富岡城址をとりまく天草灘島原湾     天草下島苓北町


富岡切支丹供養碑(首塚)より北西2km先に袋池を見下ろしている富岡城がある。自転車を城へ続く鳥居の側に駐輪し、徒歩で階段を上って行く。城址からの島原湾に切りたつ雲仙普賢岳天草・島原の乱の勃発拠点である原城址あたりを眺望することができる。
ここ富岡城址は、本渡城址と原城址の三角点にあり、「天草・島原の乱」における地政学的に重要な拠点であったことが分かる。

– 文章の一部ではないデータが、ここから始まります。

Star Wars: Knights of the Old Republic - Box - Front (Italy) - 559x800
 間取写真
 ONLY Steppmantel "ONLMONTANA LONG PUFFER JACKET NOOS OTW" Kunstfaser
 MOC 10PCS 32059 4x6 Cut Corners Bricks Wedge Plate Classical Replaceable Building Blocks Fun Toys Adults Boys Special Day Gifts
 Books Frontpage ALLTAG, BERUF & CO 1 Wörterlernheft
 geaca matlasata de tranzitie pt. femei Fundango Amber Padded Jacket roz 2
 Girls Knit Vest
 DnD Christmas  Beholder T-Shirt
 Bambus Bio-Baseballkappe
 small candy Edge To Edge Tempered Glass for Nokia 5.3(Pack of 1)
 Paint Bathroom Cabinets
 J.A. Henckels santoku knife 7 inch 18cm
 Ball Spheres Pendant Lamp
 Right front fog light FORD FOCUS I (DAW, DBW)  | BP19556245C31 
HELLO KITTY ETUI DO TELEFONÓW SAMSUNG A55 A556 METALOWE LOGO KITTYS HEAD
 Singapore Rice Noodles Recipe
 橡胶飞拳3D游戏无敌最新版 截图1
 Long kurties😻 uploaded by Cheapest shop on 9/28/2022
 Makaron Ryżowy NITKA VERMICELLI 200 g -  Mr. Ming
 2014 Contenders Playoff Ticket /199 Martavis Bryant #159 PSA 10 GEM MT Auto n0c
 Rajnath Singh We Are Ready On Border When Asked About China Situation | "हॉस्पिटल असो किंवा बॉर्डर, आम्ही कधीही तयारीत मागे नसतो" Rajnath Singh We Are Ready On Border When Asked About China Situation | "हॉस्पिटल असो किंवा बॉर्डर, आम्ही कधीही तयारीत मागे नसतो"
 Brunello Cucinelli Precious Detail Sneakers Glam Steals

また、天草灘の夕陽の美しさに感動した頼山陽は名吟「泊天草洋」を残している。この雄大な景色を共に味わってみたい。
また、いつも愛唱している頼山陽漢詩「鞭声粛粛夜河を過る~」で始まる川中島の戦いを描いた漢詩『題不識庵撃機山図』を高吟した。


                                     「泊天草洋」   頼山陽


 
               雲か山か呉か越か


               水天髣髴青一髪


               万里船を泊す天草の洋


               煙は篷窓に横たわって日ようやく没す


               暼見す大魚の波間に跳るを


               太白船に当たって明月に似たり



あれに見えるは雲であろうか。山であろうか。それともシナ大陸の呉の地か越の地か。

水と空とがあたかも青い髪の毛を張ったように一線を画して連なっている。
はるばる京洛より来て、この天草洋に舟泊まりする。
夕靄は静かに船の小窓をこめて太陽は次第に西の海に沈んでいく。
おりしも大きな魚が突然波間に跳ねるのをみた。
空には宵の明星(金星)が出て船を照らしておりまるで月のように明るい。


一揆軍の攻撃を受けた富岡城天草・島原の乱

かって苓北町は、数百年にわたって天草の中心として栄えてきた。1205年からおよそ400年者間、志岐氏が統治する時代が続き、戦国時代末期には志岐麟泉が領主となって全盛期を迎える。その後、徳川時代には肥前唐津藩寺沢広高によって1602(慶長7)年頃に富岡城が築かれた。


1637寛永14)年「天草・島原の乱」で、富岡城幕府軍の拠点として一揆軍から攻撃を受けた。必死の守りで落城を免れたことが、乱の早期終結と後の徳川幕府の安定をもたらしたと言われている。その後、幕府の天領となり、天草の行政の中心となった。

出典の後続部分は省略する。